Travel Grant Recipients

Headshot of Lizzie Yarina behind some greenery

Lizzie Yarina

  • PhD candidate
  • 2023 J-WAFS Travel Grantee
  • Department of Urban Studies and Planning

Lizzie Yarina is a doctoral candidate in the MIT Department of Urban Studies and Planning and a research fellow at the MIT Leventhal Center for Advanced Urbanism, where her dissertation investigates the spatial politics of climate change adaptation in Vietnam’s Mekong Delta region, an area facing many water challenges. She is presently co-editing a volume on the relationship between climate models and the built environment with a multi-disciplinary team of editors and contributors. Previously she was a research scientist at the MIT Urban Risk Lab, where she was part of a team examining alternatives to FEMA’s post-disaster housing systems and conducted research on disaster preparedness in Japan.

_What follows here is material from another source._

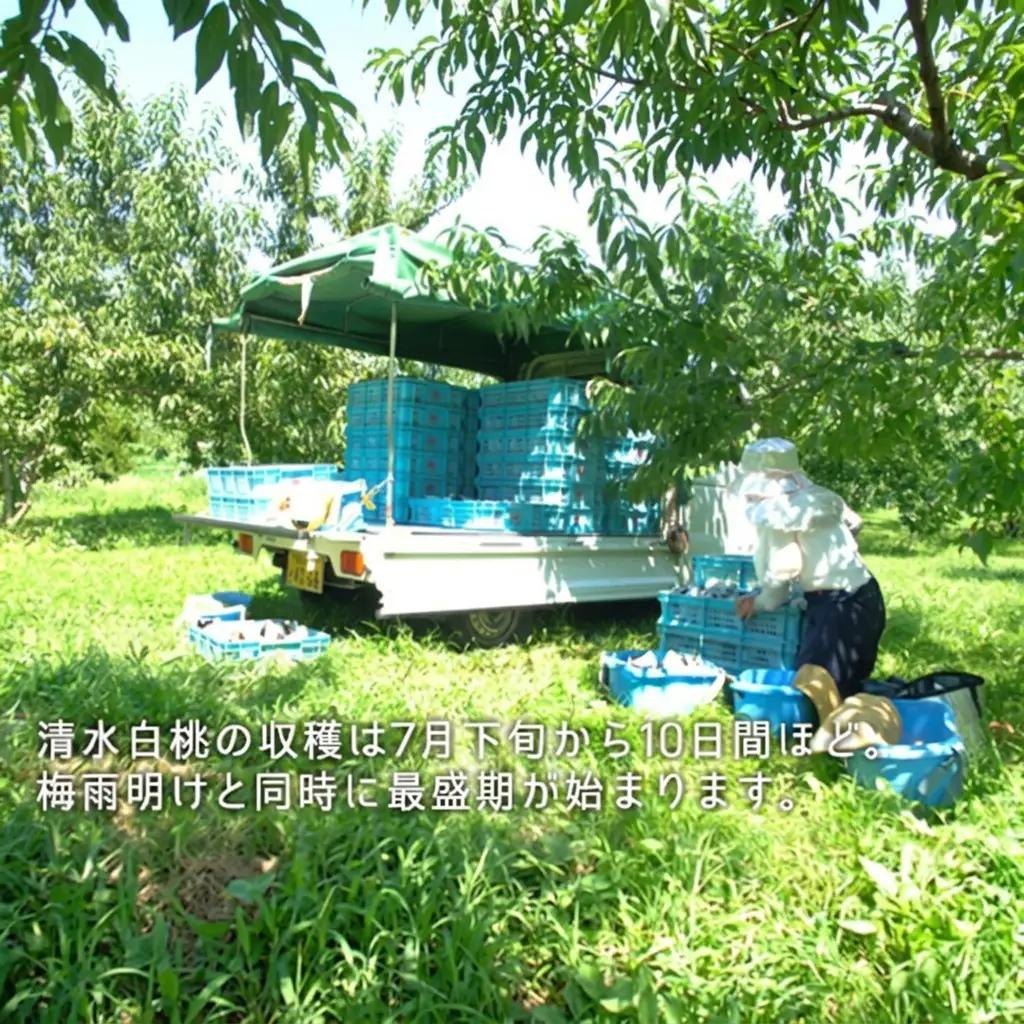 桃 2026年 先行予約 清水白桃 約2.2kg 大玉 6～7玉  岡山県産 桃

In 2017, Lizzie was a Fulbright New Zealand research fellow, where she examined the spatial implications of climate change migration. She has worked as a designer at PLY Architecture, William Rawn Associates, and Dada Architecture (Beijing), and has taught at the Singapore University of Technology and Design and the Victoria University of Wellington. Her research on the relationships among design thinking, territorial politics, and climate risk has been published in JAE, Architecture and Culture, Places, Arch+, and The Plan Journal. She holds a joint Masters in Architecture and Masters of City Planning from MIT, and a B.S. in Architecture from the University of Michigan.